*Work to complete:*
For this exercise, restate the data below with no change at all.

*Provided material:*
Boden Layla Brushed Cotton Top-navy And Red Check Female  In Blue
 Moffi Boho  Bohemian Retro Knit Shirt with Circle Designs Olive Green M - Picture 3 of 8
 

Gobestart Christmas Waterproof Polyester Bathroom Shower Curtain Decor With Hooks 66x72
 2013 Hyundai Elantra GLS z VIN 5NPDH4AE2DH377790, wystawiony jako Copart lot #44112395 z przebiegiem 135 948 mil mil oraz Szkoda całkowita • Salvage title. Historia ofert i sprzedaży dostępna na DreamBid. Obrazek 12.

*Output of the task:*
Boden Layla Brushed Cotton Top-navy And Red Check Female  In Blue
 Moffi Boho  Bohemian Retro Knit Shirt with Circle Designs Olive Green M - Picture 3 of 8
 

Gobestart Christmas Waterproof Polyester Bathroom Shower Curtain Decor With Hooks 66x72
 2013 Hyundai Elantra GLS z VIN 5NPDH4AE2DH377790, wystawiony jako Copart lot #44112395 z przebiegiem 135 948 mil mil oraz Szkoda całkowita • Salvage title. Historia ofert i sprzedaży dostępna na DreamBid. Obrazek 12.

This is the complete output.